V. Comments on Draft Decision

The draft decision of the ALJ in this matter was mailed to the parties in accordance with Pub. Util. Code § 311(g)(1) and Rule 77.7 of the Rules of Practice and Procedure. Comments were filed on ____________________, and reply comments were filed on ________________.

Findings of Fact

1. PG&E is an electric utility subject to the jurisdiction of the Commission.

2. PG&E has agreed to sell the Property to Ministries.

3. The Release and Indemnity Agreement accompanying PG&E's application does not expressly indemnify PG&E for its own active and passive negligence, the maximum protection from environmental liability allowed by law.

Conclusions of Law

1. Transfer of the Property is subject to Public Utilities Code Section 851.

2. Pursuant to Section 15061(b)(3) of the CEQA Guidelines, our approval of this application is exempt from CEQA review for the reasons set forth in the body of this decision.

3. Transfer of the Property is approved provided that at close of escrow Ministries executes a Release and Indemnity Agreement that protects PG&E from environmental liabilities to the fullest extent allowed by law. PG&E shall make an advice letter filing no later than 90 days after the effective date of this decision attaching the revised Release and Indemnity Agreement. If the indemnity provision does not indemnify PG&E for liability arising from PG&E's own active or passive negligence, the approval granted in this decision shall have no force or effect.

4. If PG&E requires easements or other rights of access to the substation surrounded by and the power lines crossing the Property, the cost of those easements or other rights of access should be borne by PG&E's shareholders, and not by ratepayers.
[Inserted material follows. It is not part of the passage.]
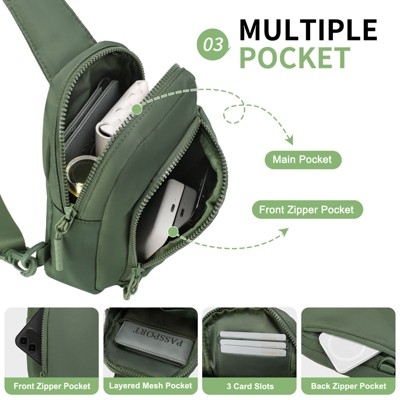 Unique Bargains Waterproof Lightweight Breathable Durable Hiking Daypacks Chest Bag Green — фото 5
5. Following transfer of the Property, PG&E should credit the after-tax proceeds of the sale of approximately $88,600 to the CTC Revenue Section of the TCBA.

ORDER

IT IS ORDERED that:

1. Pacific Gas and Electric Company (PG&E) may transfer to Northern District Pentecostal Ministries the Property described in the application, subject to the terms and conditions described herein, provided the closing date of the sale is extended to a date on or beyond the effective date of this decision.
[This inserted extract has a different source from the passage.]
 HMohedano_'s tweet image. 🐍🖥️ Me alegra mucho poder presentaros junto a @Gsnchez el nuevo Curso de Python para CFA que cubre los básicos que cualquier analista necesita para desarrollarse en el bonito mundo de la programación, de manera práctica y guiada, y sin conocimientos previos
2. PG&E shall make an advice letter filing no later than 90 days after the effective date of this decision attaching the revised Release and Indemnity Agreement. If the indemnity provision does not indemnify PG&E for liability arising from PG&E's own active or passive negligence, the approval granted in this decision shall have no force or effect.

3. If PG&E requires easements or other rights of access to the substation surrounded by and the power lines crossing the Property, the cost of those easements or other rights of access shall be borne by PG&E's shareholders, and not by ratepayers.
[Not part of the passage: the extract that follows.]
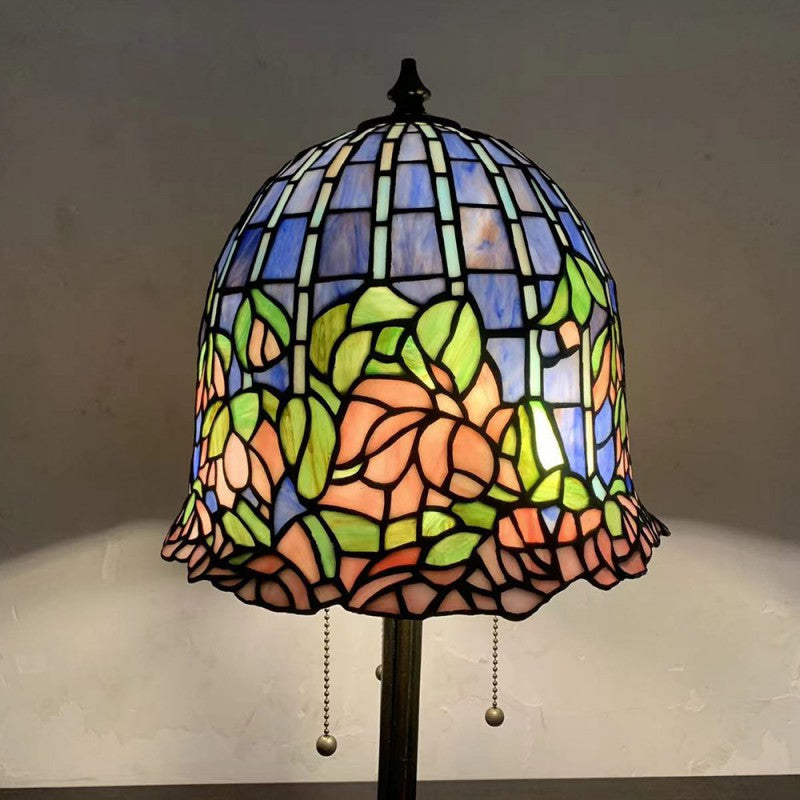 Traditional Tiffany Dome Copper Glass 1-Light Table Lamp For Living Room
4. Following transfer of the Property, PG&E shall credit the after-tax sale proceeds of approximately $88,600 to the Competition Transition Charge Revenue Account.

5. The authority granted hereby expires if not exercised within one year of the date of this order.

6. The issues presented in Application (A.) 99-11-019 are resolved.

7. A.99-11-019 is closed.

This order is effective today.

Dated , at San Francisco, California.